AS the National Assessment Program Literacy and Numeracy (NAPLAN) exams roll round again we start to hear the same questions and concerns.
Some parents and educators call the exams an unnecessary stress for students who don't need to be exposed to such pressure.
Others questions the value of the exam results given they appear open to manipulation by parents who have their children coached specifically for NAPLAN outside of regular schooling.
And then there are those who take issue with the publication of NAPLAN results on the MySchool website each year.
For all of that, though, there must surely be a place for NAPLAN in today's education system.
At its heart, NAPLAN is objective, standardised measure of student achievement in the vital areas of literacy and numeracy. And even allowing for its possible flaws, surely it can only be a benefit to have more information rather than less about each of our students.
While there may be some value in comparing the results from one school to another to try and determine better teaching strategies, the greatest benefit of NAPLAN is comparing each student's results to their own as they progress through school.
As in all areas of life, though, some schools do a better job of interpreting and capitalising on that data than others.
But that's not a fault of NAPLAN. If there is an inconsistency then the focus should be on helping all schools make the most of NAPLAN data rather than trying to stop the exams.

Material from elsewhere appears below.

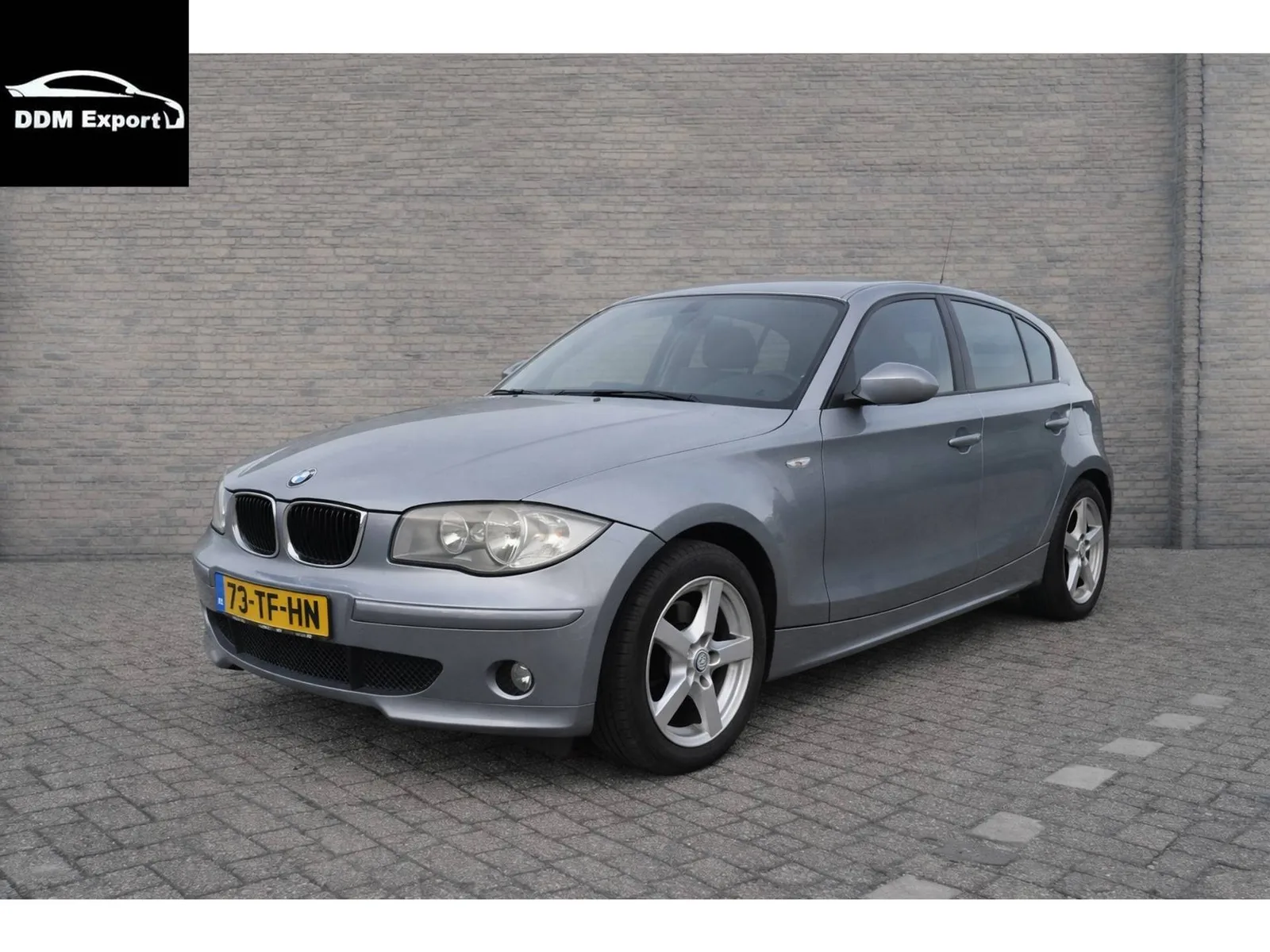 BMW 1-Serie (2006) — foto 1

The greater concern as we head into this year's NAPLAN, though, should be the variances we saw last year between schools that conducted the exams online and those who did them by traditional pen and paper.
One-in-five schools in 2018 allowed their students to do the NAPLAN tests online as part of a move to all online testing down the track. As the results were collated, it appeared students who did the online tests were at a significant advantage, though even those findings have been disputed within the industry.
It's a debate that NAPLAN does not need so the sooner we get back to all schools doing the exams one way or the other the better.
NAPLAN is nothing without the data that comes from it. And nobody can afford for that data to be doubted.